There are special compression algorithms for genetic sequence data, but I was curious how well simply zipping a text file would work.
I downloaded a 14 MB text file containing DNA sequence data from a fruit fly and compressed it as a zip file and as a 7z file. The result was about 3.5 MB, which is basically no compression beyond the obvious.
The file contains millions of A’s, C’s, G’s, and T’s and nothing more [0]. (I prepared the file by removing comments and line breaks.)
AAAATCAATATGTTGCCATT…
There are only four possible characters, so each carries two bits of information [1], but is encoded in an 8-bit ASCII character. The most obvious encoding would pack four letters into a byte. That would compress a 14 MB text file down to a 3.5 MB binary file.
Here are the exact numbers.
|----------+----------+-------| | file | size | ratio| |----------+----------+-------| | original | 14401122 | 1.000 | | zip | 3875361 | 3.716 | | 7z | 3419294 | 4.212 | |----------+----------+-------|
So the 7z format does a little better than simply packing groups of four letters into a byte, but the zip format does not.
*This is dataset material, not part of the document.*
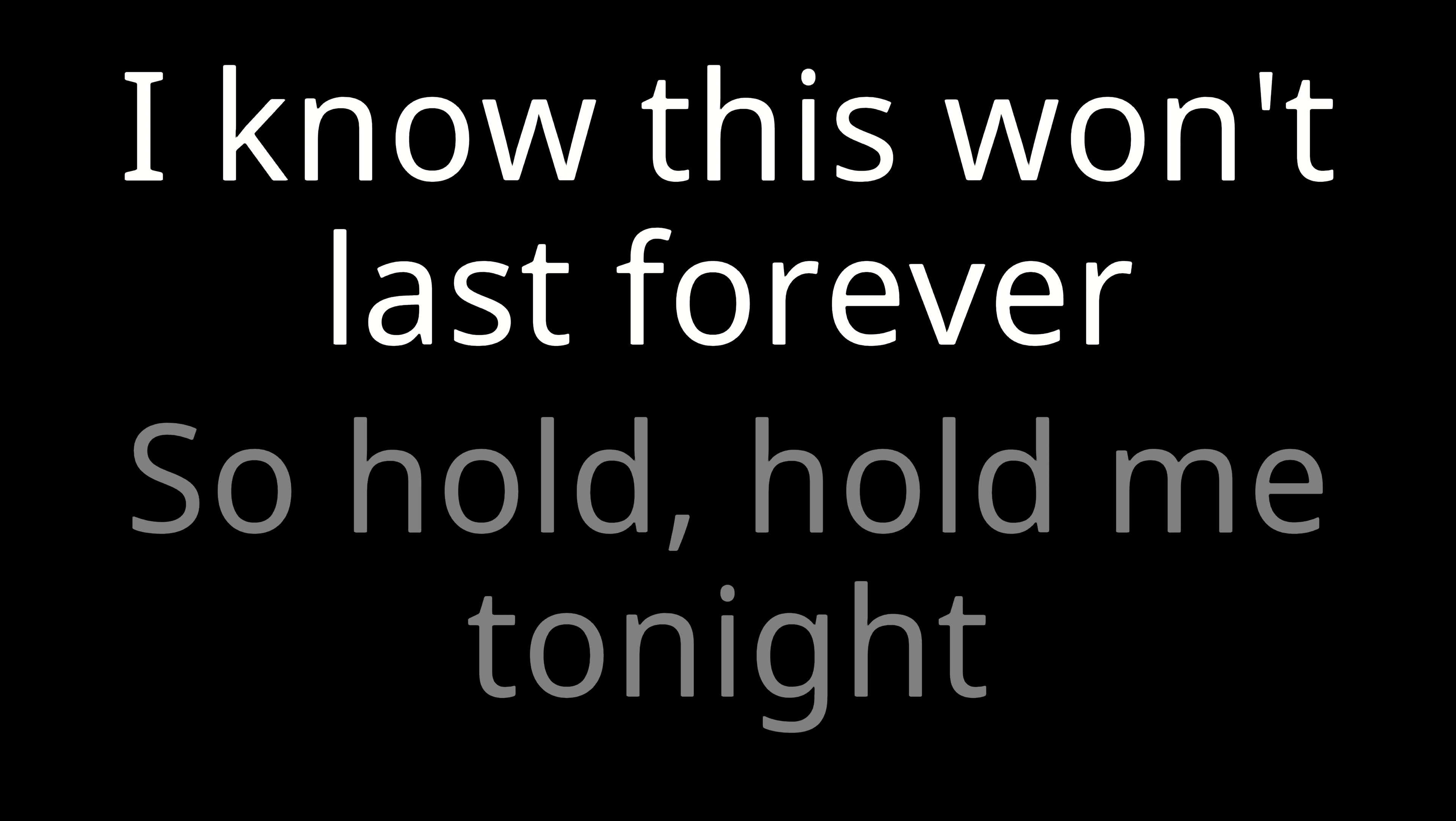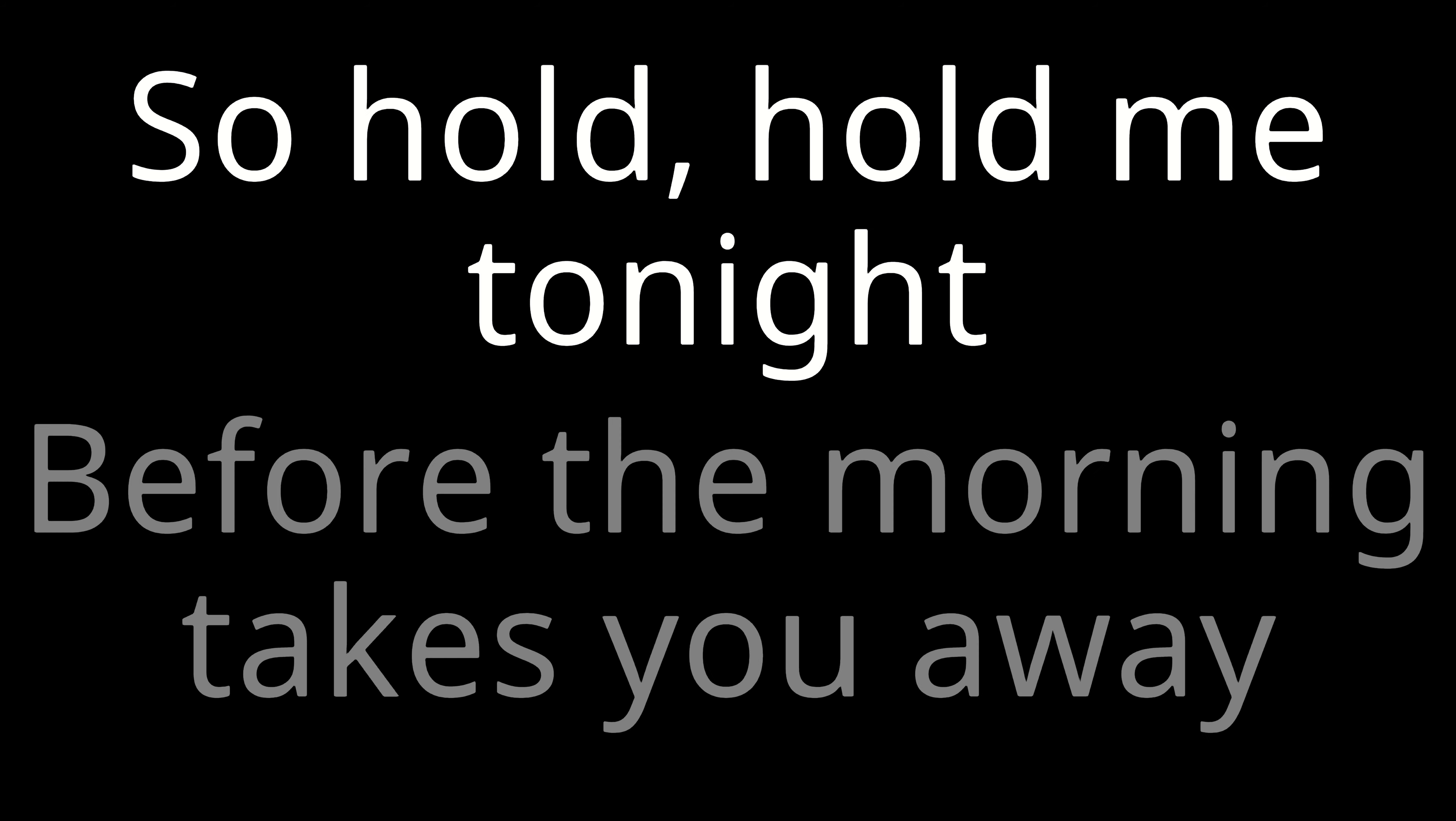Hold, hold me for a while. I know this won't last forever. So hold, hold me tonight. Before the morning takes you away.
There is repetition in genome sequences, but apparently generic compression software is unable to exploit this repetition. You can do much better with compression algorithms designed for genetic data.
Update
The plot thickens. Imran Haque kindly let me know that I overlooked the N’s in the data. These are placeholders for unresolved bases. You can’t simply encode each base using two bits because you need five states.
The number of N’s is small—at least in this example, though I imagine they would be more common in lower quality data—and so the calculation in footnote [1] is still approximately correct [2]. There are about two bits of information in each base, but this is on average. Shannon would say you can expect to compress your text file by at least 75%. But you can’t simply represent each base with two bits as I suggested because you need to make room for the possibility of a null base.
Note that the total information of a file is not the number of symbols times the information per symbol, unless all the symbols are independent. In the case of genetic data, the symbols are not independent, and so more compression is possible.
***
[0] Or so I thought. See the Update section.
[1] The letter frequencies are not exactly equal, but close: 26.75% A, 23.67% C, 23.94% G, and 25.58% T. The Shannon entropy is 1.998, so essentially two bits.
[2] N’s account for 0.04% of the data. Accounting for the N’s increases the Shannon entropy to 2.002.
Zstd is the current industry standard, being the fatest both in compression and decompression at equal compression levels.
I ould like to see it at the highest compression level (20)
If any readers need to compress genome sequences, or are curious about how different methods compare, there’s a nice benchmark here.
http://kirr.dyndns.org/sequence-compression-benchmark/
I tried zstd on the data, and it produced a file about 20% larger than zip.
If I understand the data from the sequence compression benchmark correctly, the compression algorithm with the highest compression is cmix, which is a compression algorithm for generic (not genetic) text!
Maybe the reason an algorithm for genetic data usually needs to work on large datasets, so being slow (as cmix is!) is not an option.